** Provided material follows **

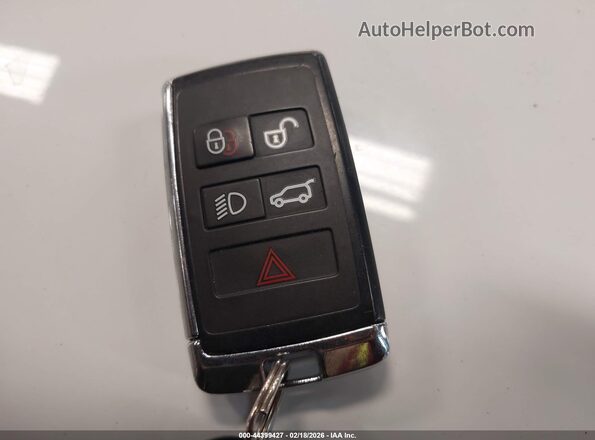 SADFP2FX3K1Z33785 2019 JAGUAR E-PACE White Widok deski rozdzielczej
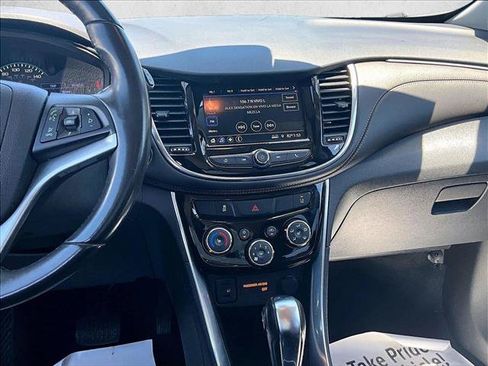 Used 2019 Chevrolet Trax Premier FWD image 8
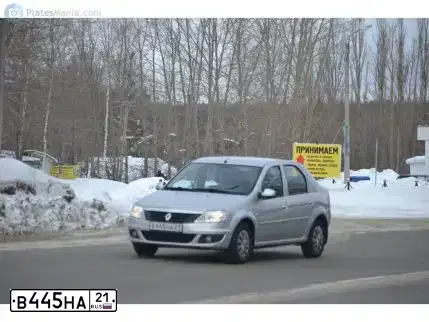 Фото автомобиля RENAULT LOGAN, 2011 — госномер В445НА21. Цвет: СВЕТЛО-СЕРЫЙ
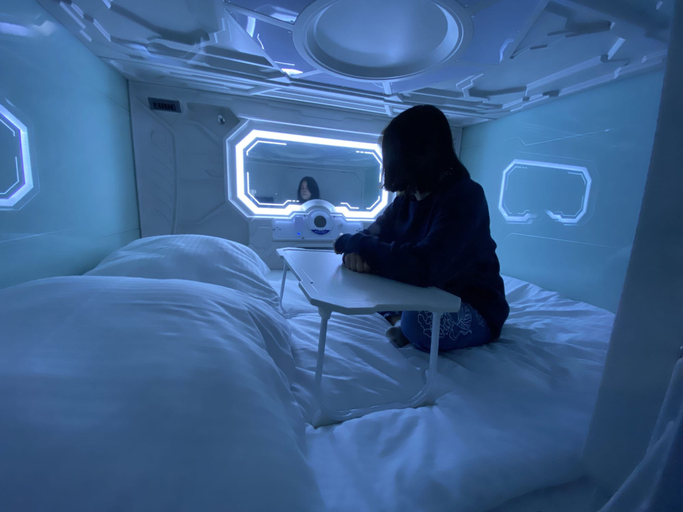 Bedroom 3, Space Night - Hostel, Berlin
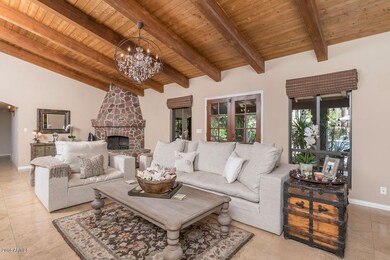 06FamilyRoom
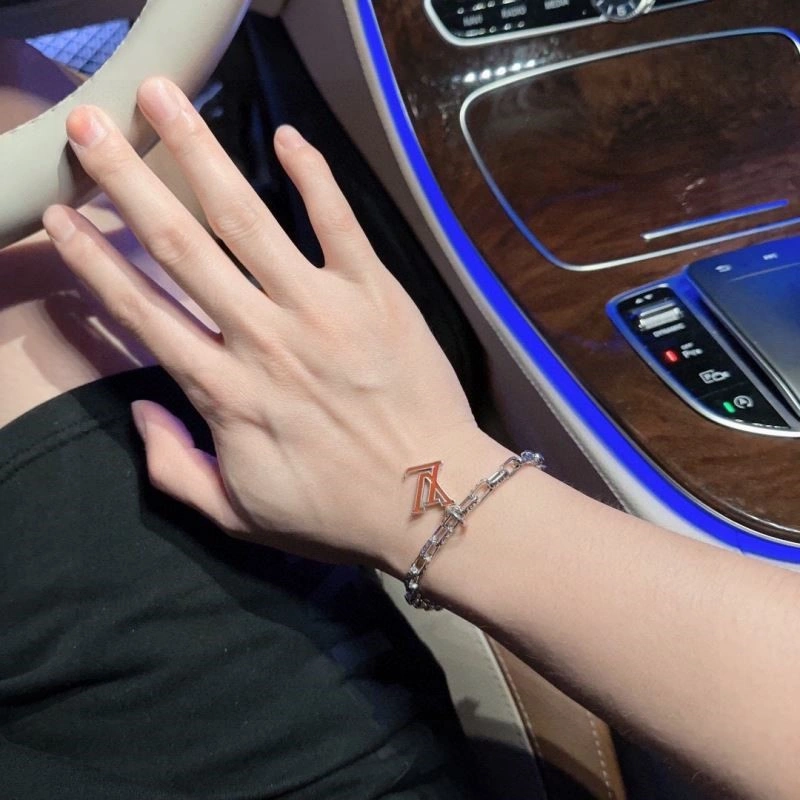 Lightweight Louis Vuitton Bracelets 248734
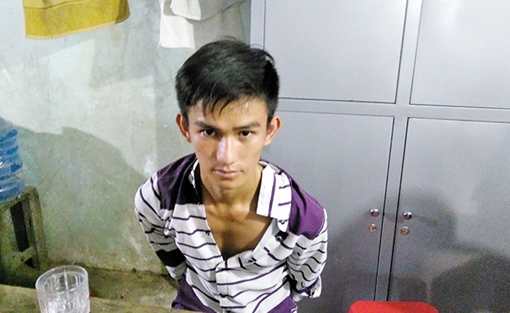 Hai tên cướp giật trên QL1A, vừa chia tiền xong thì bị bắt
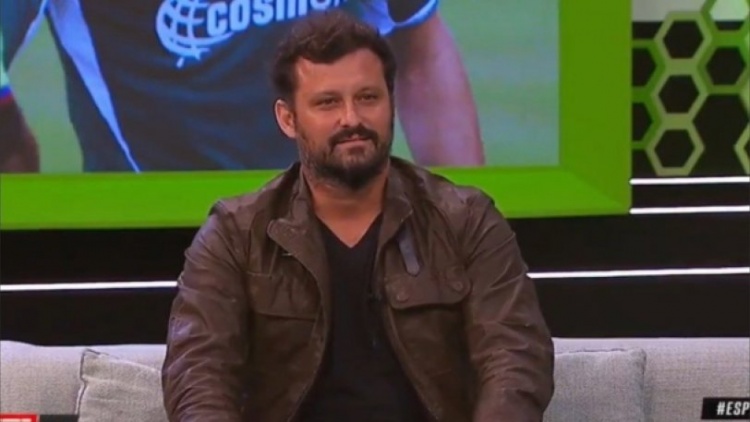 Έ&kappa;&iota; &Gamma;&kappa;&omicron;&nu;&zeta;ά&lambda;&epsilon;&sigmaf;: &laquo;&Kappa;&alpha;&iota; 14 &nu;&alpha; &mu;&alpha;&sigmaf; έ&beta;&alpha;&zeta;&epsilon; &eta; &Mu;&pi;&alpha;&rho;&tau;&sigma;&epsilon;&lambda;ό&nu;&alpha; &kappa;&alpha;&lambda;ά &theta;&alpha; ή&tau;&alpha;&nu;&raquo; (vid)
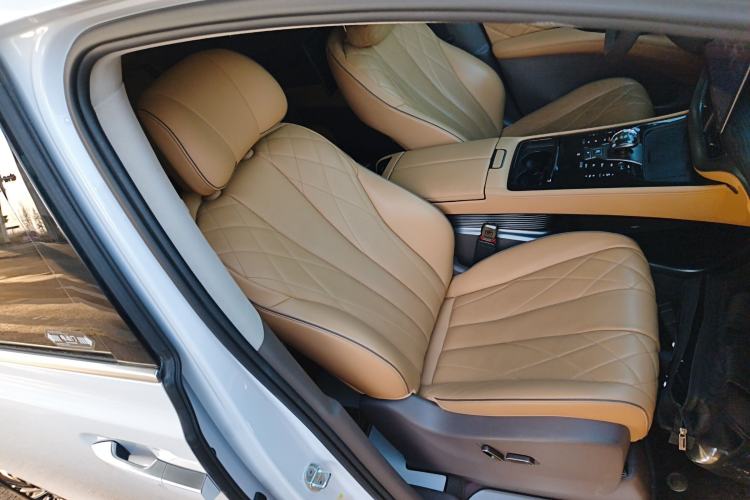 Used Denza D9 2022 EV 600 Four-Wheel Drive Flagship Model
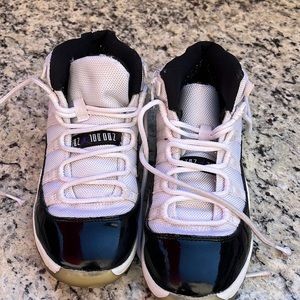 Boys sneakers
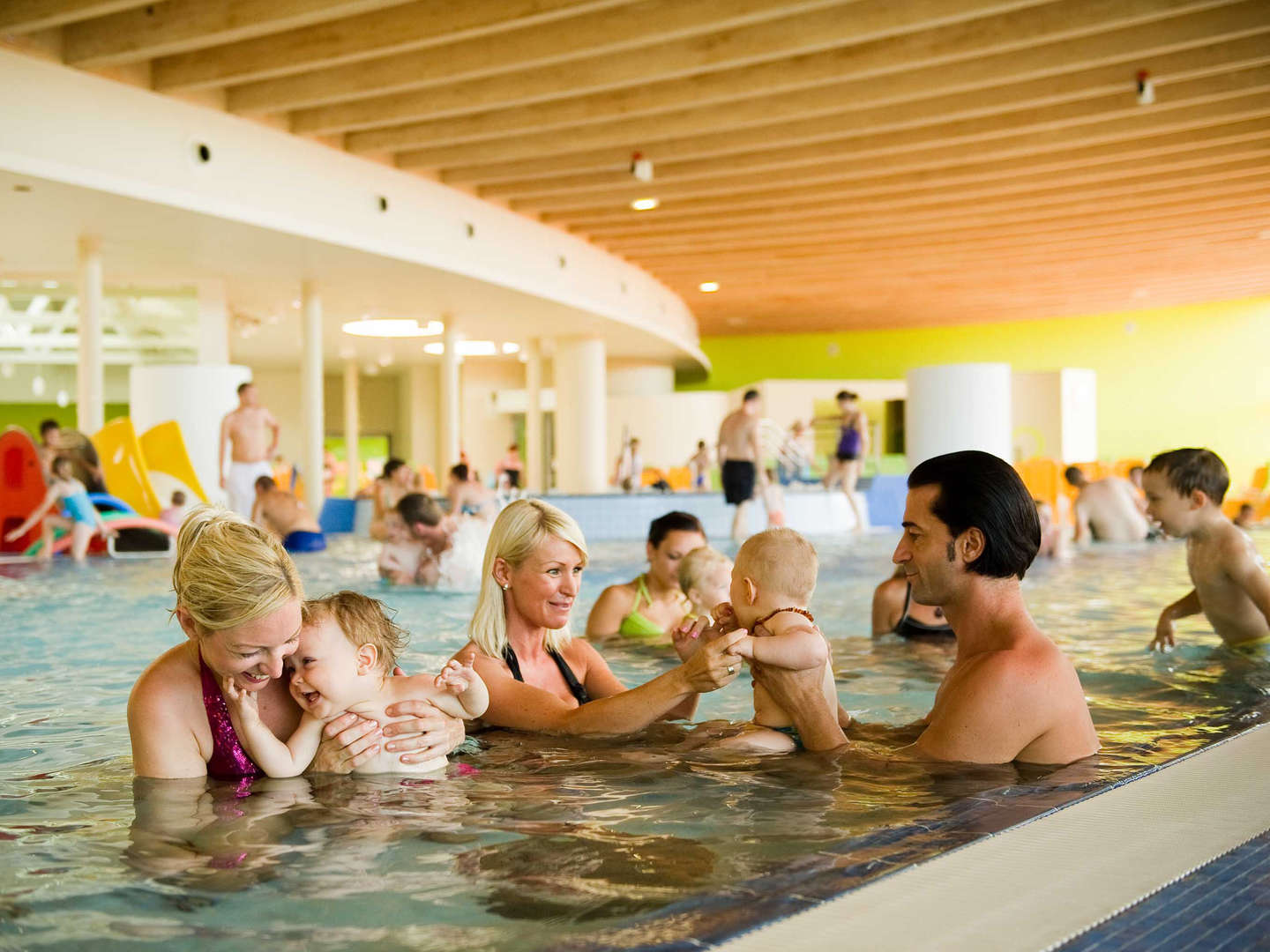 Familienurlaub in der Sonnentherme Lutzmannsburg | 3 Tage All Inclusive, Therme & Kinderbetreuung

** End of Provided material **

* **Prompt**: Your reply should be the lines of the records from the start through the line with "14 &nu;&alpha; &mu;&alpha;&sigmaf;", copied word for word, pictures omitted.

* **Your response**:
 SADFP2FX3K1Z33785 2019 JAGUAR E-PACE White Widok deski rozdzielczej
 Used 2019 Chevrolet Trax Premier FWD image 8
 Фото автомобиля RENAULT LOGAN, 2011 — госномер В445НА21. Цвет: СВЕТЛО-СЕРЫЙ
 Bedroom 3, Space Night - Hostel, Berlin
 06FamilyRoom
 Lightweight Louis Vuitton Bracelets 248734
 Hai tên cướp giật trên QL1A, vừa chia tiền xong thì bị bắt
 Έ&kappa;&iota; &Gamma;&kappa;&omicron;&nu;&zeta;ά&lambda;&epsilon;&sigmaf;: &laquo;&Kappa;&alpha;&iota; 14 &nu;&alpha; &mu;&alpha;&sigmaf; έ&beta;&alpha;&zeta;&epsilon; &eta; &Mu;&pi;&alpha;&rho;&tau;&sigma;&epsilon;&lambda;ό&nu;&alpha; &kappa;&alpha;&lambda;ά &theta;&alpha; ή&tau;&alpha;&nu;&raquo; (vid)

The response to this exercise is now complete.